The Road Safety Markings Association (RSMA) said its Lifelines report revealed proof of a decline in road maintenance.
The survey looked at 7,250km of white lines across roads in England, Scotland and Wales. It found that the section of motorway with the poorest quality lines is the M6 Wigan-Standish section, where 66% need emergency replacement and, in total, 96% should be scheduled for replacement based on the Highways Agency’s own standard.
Key findings of the survey include:
- 40% of markings on Scotland’s motorway and dual carriageways need immediate replacement
- 40% of markings on dual carriageways in Wales need immediate replacement
- 38% of markings on motorways and 36% on dual carriageways maintained by the Highways Agency in England need immediate or scheduled repairs
- 25% of markings on HA single carriageways need replacing now; 19% scheduled
- On England’s local authority-maintained single carriageways 22% of markings are in a critical condition and a further 20% need replacing.
The standard of markings on Scotland’s roads was described as ‘almost in free-fall’.
Other poor stretches of motorway measured were:
- M27 Eastleigh
- M66 Ramsbottom to Bury
- M1 from M69 to A46
- M20 from M25 to Borough Green.
The best motorway markings by far were found on the M5 Tiverton to Tewkesbury where 80% of markings scored the highest rating
Among dual carriageways managed by the HA, the poorest is A630 between M1 and Sheffield with 80% of markings completely worn out and a further 17% to be scheduled for replacement.
RSMA national director George Lee said: “This latest survey shows that in spite of the Highways Agency having a standard by which its markings are measured and maintained, there is clear evidence of significant decline. Standards are being inconsistently implemented, and it would appear that there is little or no monitoring. Markings in the danger rating on motorways have doubled from 8% in 2010 to 17% to 2012; while the percentage of markings given the highest rating have dropped from 38% in 2010 to just 29% this year.

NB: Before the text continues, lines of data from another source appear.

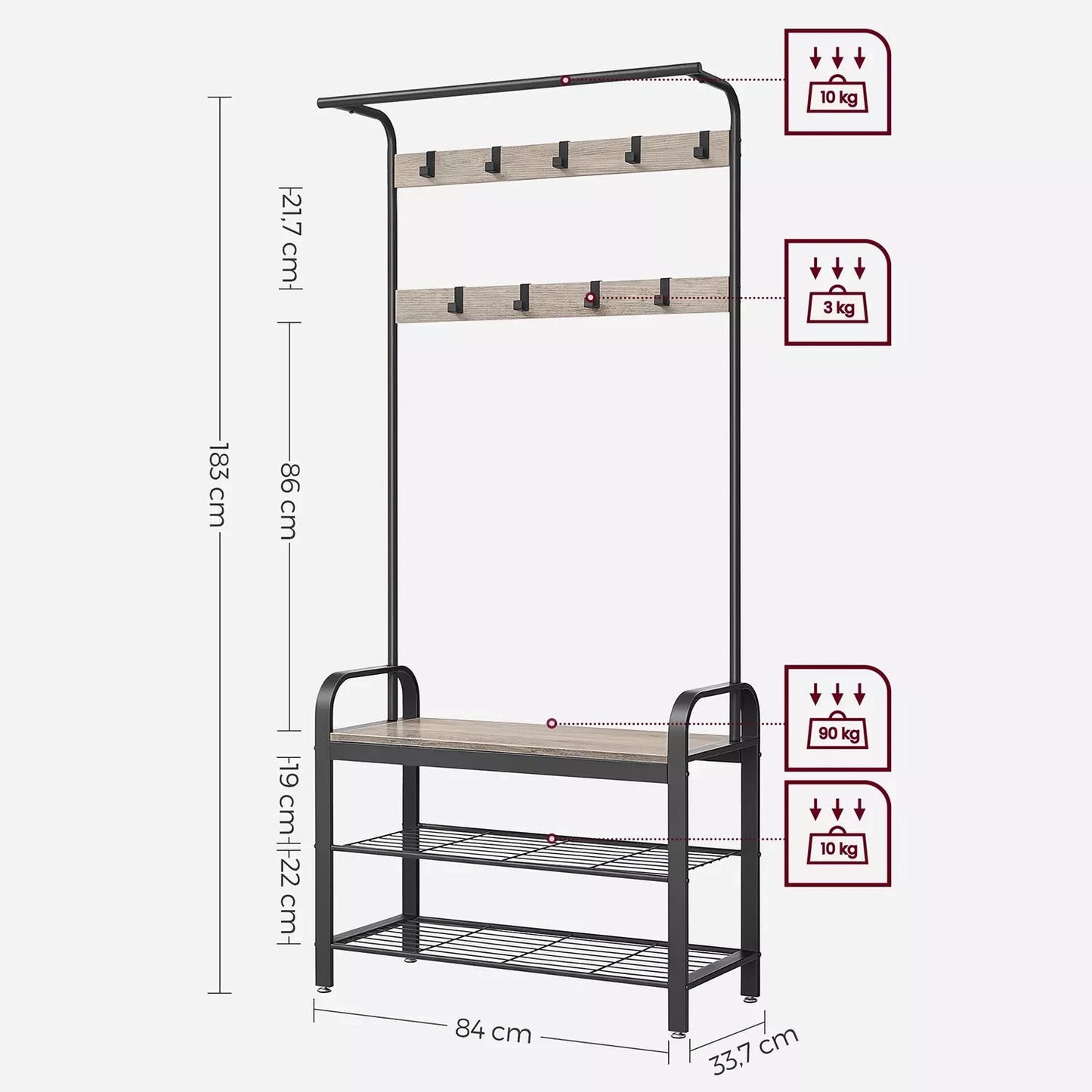 In And OutdoorMatch Kapstok Hillary - Kledingkast - Schoenenrek met Zitting - Kledingrek met 9 afneembare haken - Bank - 2 draadplanken - 183 cm hoog - Industrieel Design - Vintage Bruin/Zwart Kapstok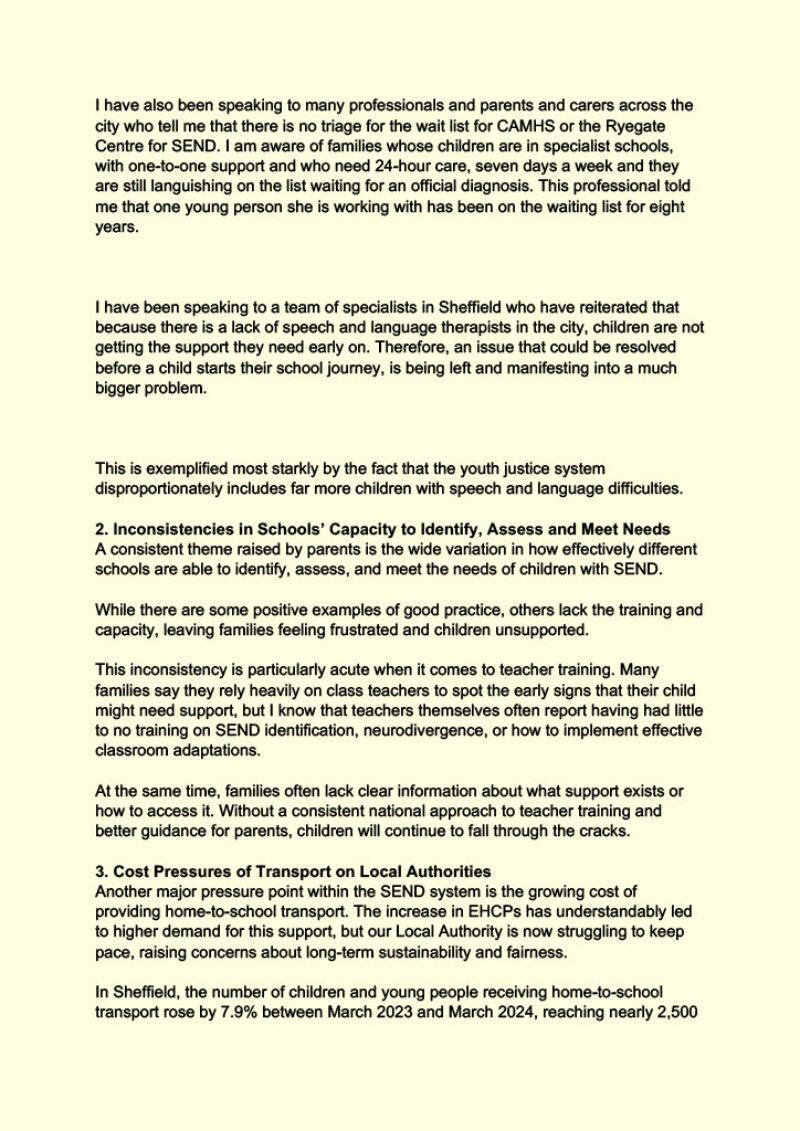 SEND Letter to Secretary of State for Education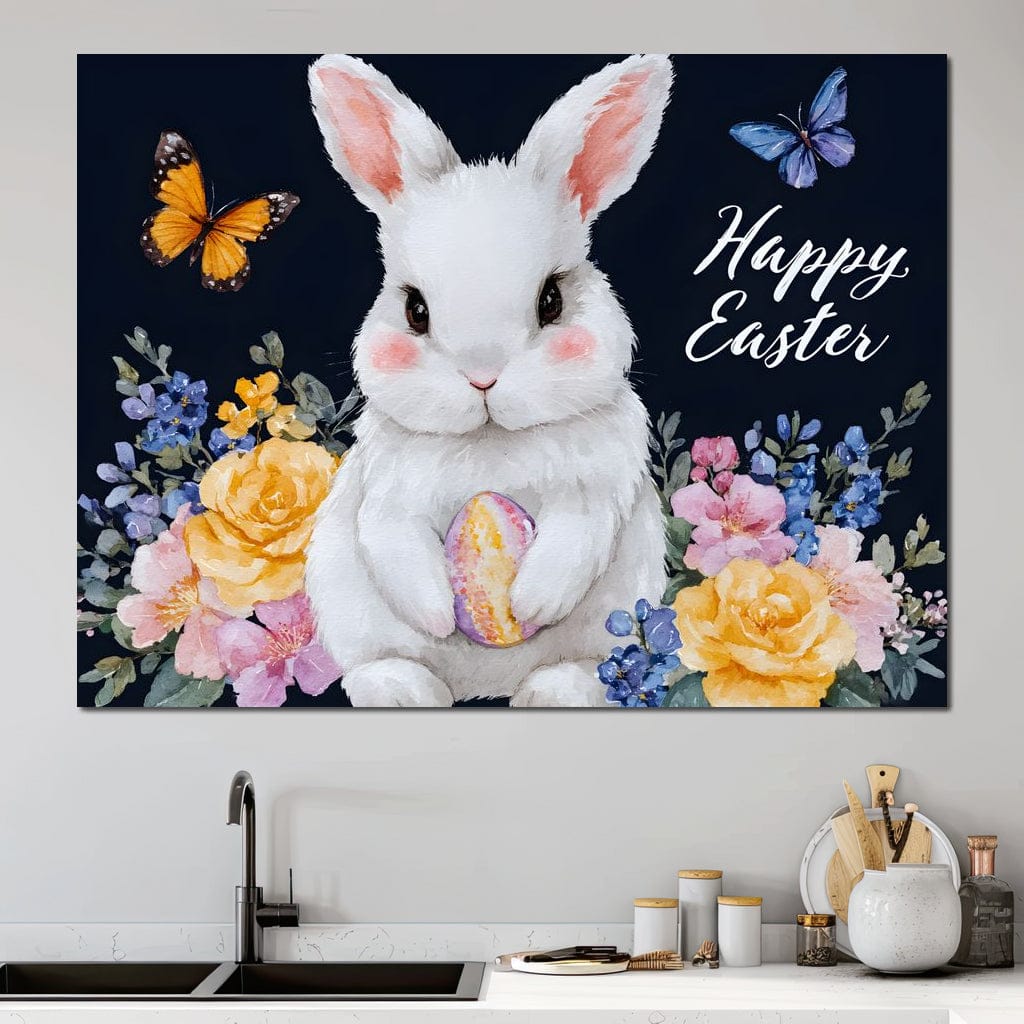 Happy Easter Bunny Watercolor Canvas Wall Art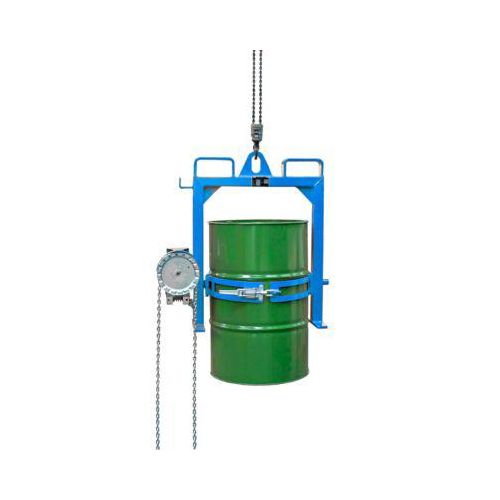 Fasskipper BAUER FD-SK mit Kette, Stahl, B 1020 x T 650 x H 1010 mm, blau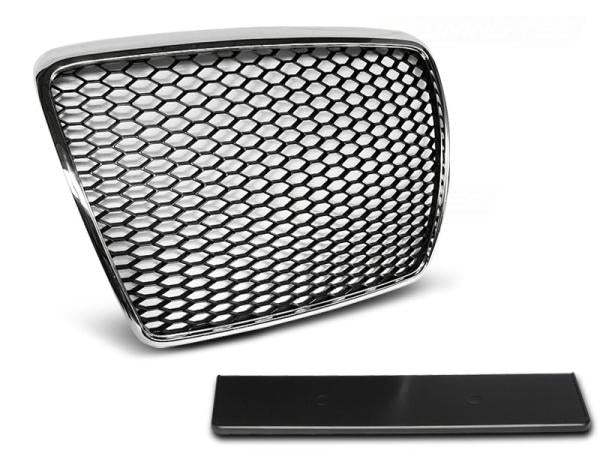 Sportgrill / Kühlergrill passend für Audi A6 C6 (4F) 09-11 chrom in Wabendesign
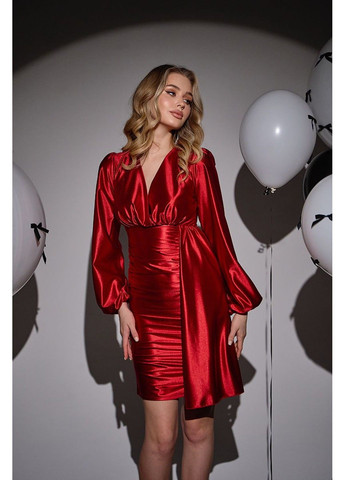 Красное коктейльное платье праздничное атлас бифлекс 25001 красное Tanita-Romario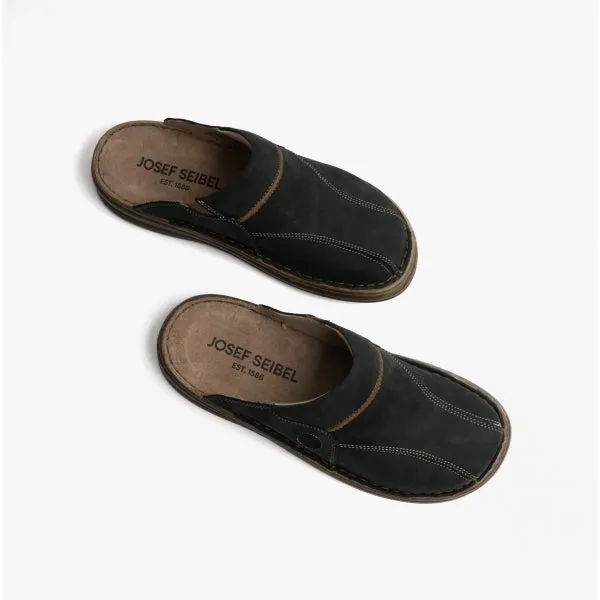 Josef Seibel KLAUS Mens Leather Mules Jeans/Combi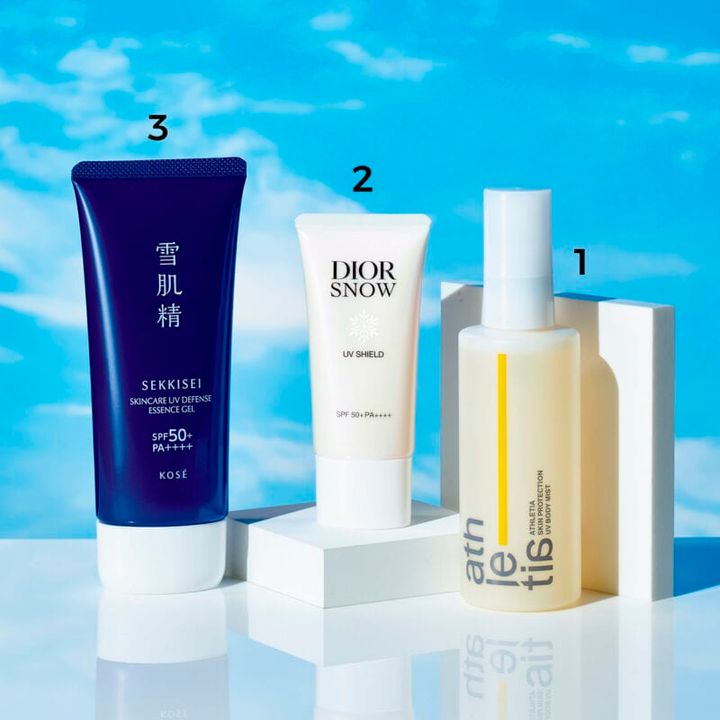 1_アスレティア スキンプロテクション UVボディミスト SPF30・PA+++ 100mL ￥4,400（アスレティア） 2_ディオール スノー UVシールド 50+ SPF50+・PA++++ 30mL ￥7,480（パルファン･クリスチャン･ディオール） 3_雪肌精 スキンケア UV エッセンス ジェル SPF50+・PA++++ 90g ￥2,310〈編集部調べ〉（コーセー）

“The Scottish government, through Transport Scotland and the Welsh Assembly government, through Transport Wales, have both signed up to the TD26 maintenance standard so they are as much at fault as the HA in failing to enforce the standard. It is only local government that has no equivalent standard, but we know from experience that where decline is seen in HA-maintained roads, local authorities will follow.”
However, the Highways Agency rejected the findings. A spokesperson said: "We conduct our own surveys to assess the condition of road markings on the strategic road network, to ensure that journeys can be made safely and reliably.
"Where markings on sections of road are found to be sub-standard and require urgent improvement, we take prompt action to remedy them. In the majority of cases the maintenance of road markings is carried out as part of planned, programmed work.
"RSMA's survey was not comprehensive, and it is not clear how they chose which parts of our network to survey. Furthermore, they misquote the standards for quality of lane markings within their report."